Nos hypothèses nous incitent d’abord à repérer et caractériser des attitudes très significatives de ces imaginaires, tels que les explorent les artistes actuels:

- Ils dévalorisent le réalisme et le temps présent pour survaloriser des mondes numériques, dématérialisés, une hyperréalité futuriste dont les références traditionnelles d’espace-temps mutent en faveur de la vitesse, des transformations, de nouvelles logiques non linéaires. Ils sont fascinés par la nouveauté et les mondes futurs, ou la puissance est miniaturisée et s’exerce en temps réel.

- De ce fait, sans doute, ils sont fascinés par les imaginaires scientifiques, qui sont aujourd’hui d’une extrême audace. Ils s’inscrivent ainsi dans leur sillage – ce que j’appelle les «arts scientifiques» - et explorent les domaines de la génétique, de la biologie, des sciences neurocognitives, de la vie et de l’intelligence artificielles, des écosystèmes, de la physique et des mathématiques, des nanotechnologies et de la robotique. Beaucoup d’artistes sont Ils explorent toutes les déclinaisons de la convergence technologique et rêvent d’oeuvres multimédia, qui seraient donc multisensorielles, voire d’un art total et d’immersion dans des mondes virtuels, porteurs d’une nouvelle puissance d’évocation imaginaire.

- Ils abordent les valeurs humaines selon des logiques simplistes, binaires et ingénues, souvent ludiques, tantôt euphoriques, tantôt malignes et catastrophistes, de façon générale assez élémentaires en comparaison des complexités psychologiques qui dominent encore notre culture actuelle.

- Ils s’intéressent à l’interactivité et à tous les types d’interfaces homme/machine, dont les performances les fascinent comme de nouveaux pouvoirs magiques qu’aurait l’homo numericus, désormais dotés d’une puissance chamanique.

- Ils hybrident la captation réaliste et les images de synthèse, de même qu’ils s’intéressent à l’humanisation de la machine et la «machination» du corps humain, ainsi qu’à leur hybridation (empowerment et bionique) et a toutes les expressions de puissance surhumaine qui satisfont nos désirs et qui inspirent ces mondes imaginaires virtuels où nous évadons, comme pour échapper aux limites de notre corps et aux frustrations du monde réel. Explorant les limites de l’imaginaire technologique, ils se rapprochent de la science-fiction.

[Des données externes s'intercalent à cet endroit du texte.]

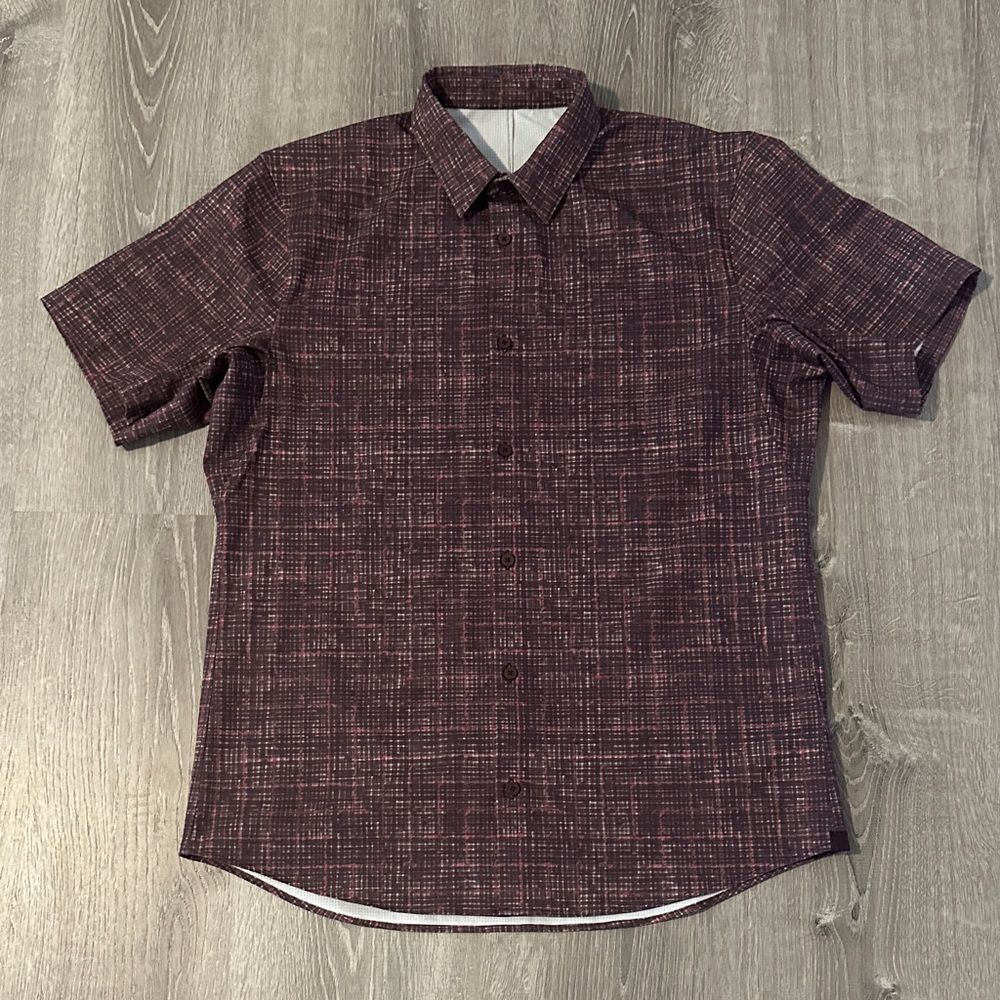 Lululemon Medium Airing Easy Short Sleeve‎ Casual Patterned Button Down Shirt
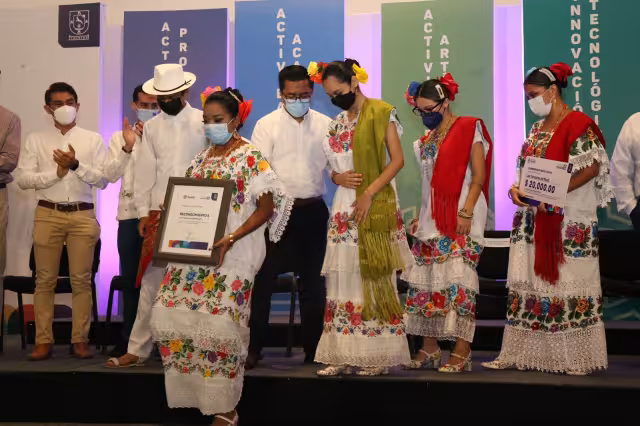 Siete artistas de Yucatán reciben sus premios este martes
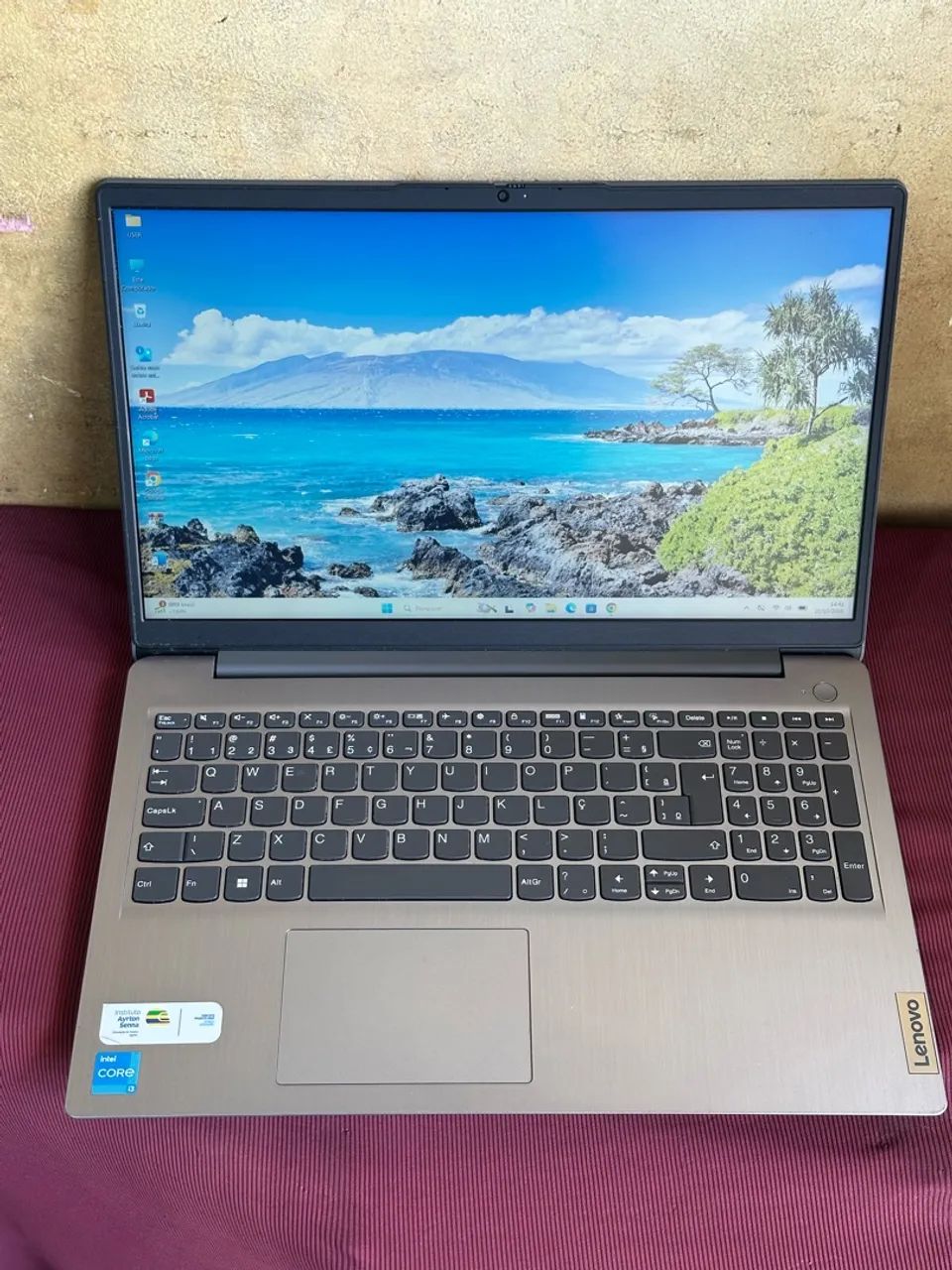 Notebook Lenovo + carregador original 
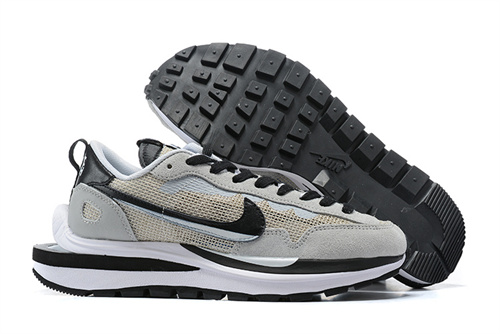 NIKE LDWAFFLE SACAI-W-020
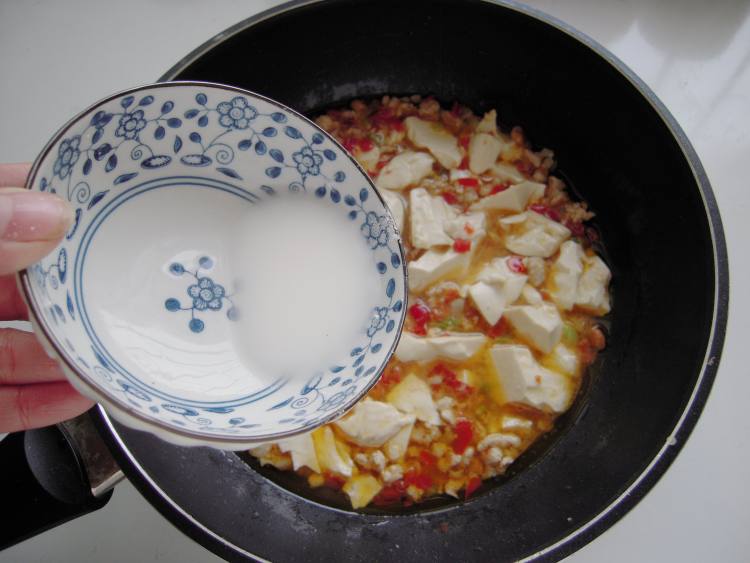 辣酱肉末煨豆花步骤15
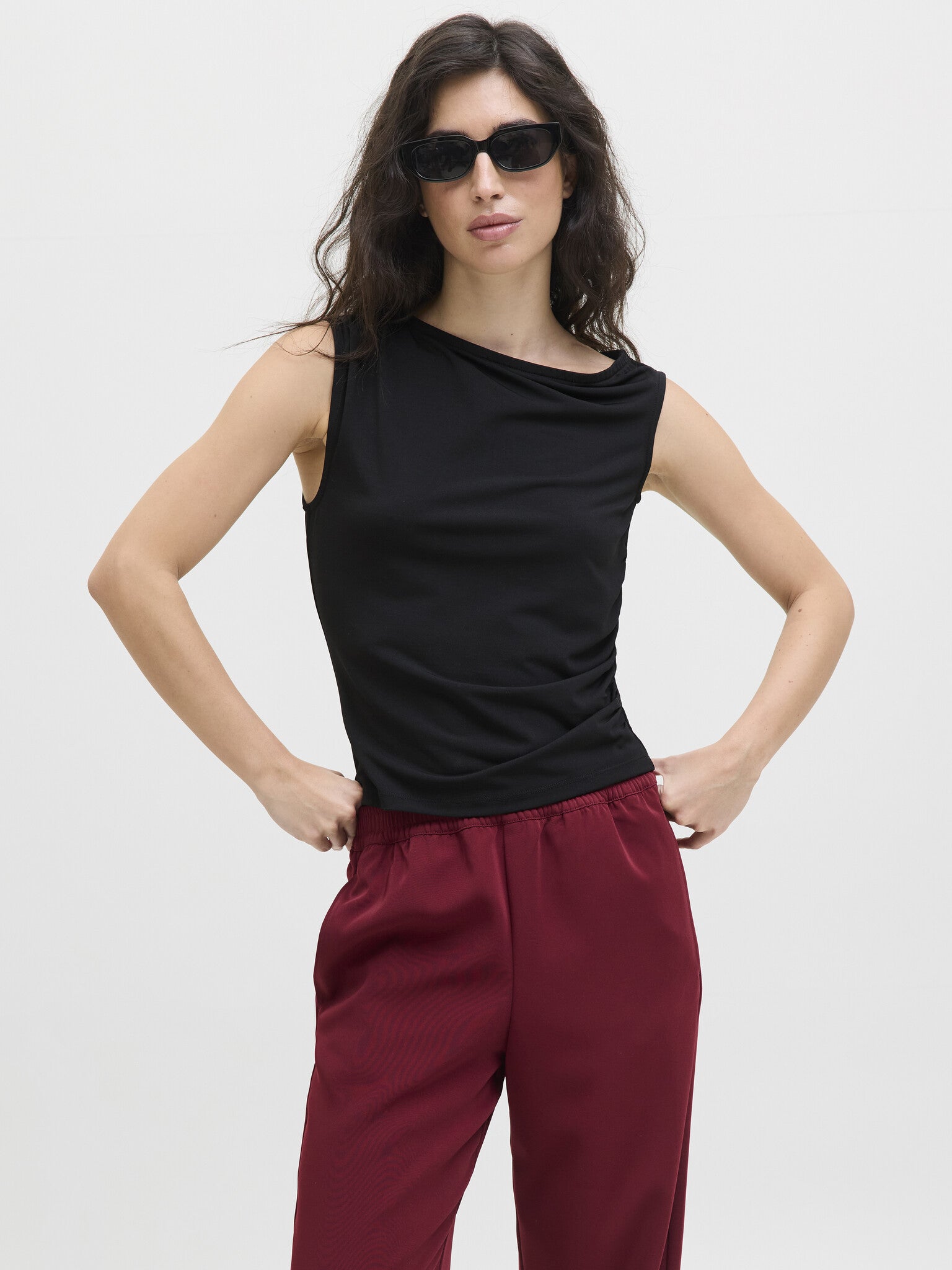 JXHOLLY ASYM TOP - BLACK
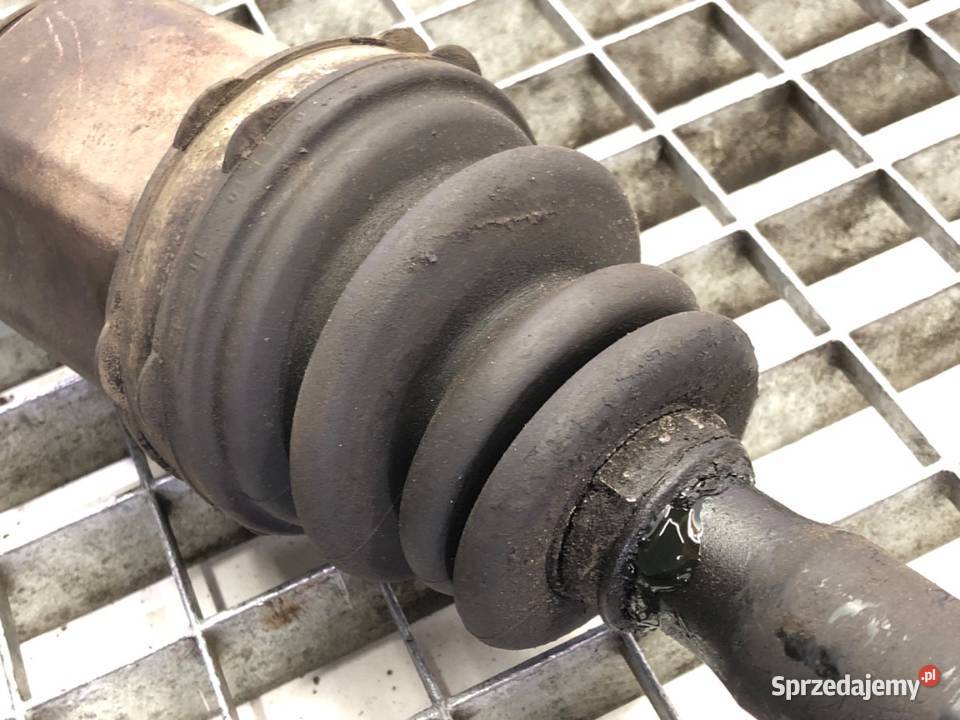 PÓŁOŚ PRAWY PRZÓD KIA CEED 16 126 0612 PRZEGUB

Ils sont fascinés par la puissance inédite des technologies numériques de communication; ils proposent de nouvelles formes narratives avec des personnages synthétiques, développent des œuvres d’art sur le web (net art), créent des communautés virtuelles, des univers irréels de rencontre, des plateformes collaboratives web 2.00, des expériences médiatiques participatives, etc., qui répondent manifestement à un besoin émotionnel de communication sociale compensatoire des solitudes urbaines. Nous constatons tous que ces médias numériques ont l’effet d’un psychotrope, qui excite l’imaginaire et crée souvent, de ce fait, une véritable dépendance.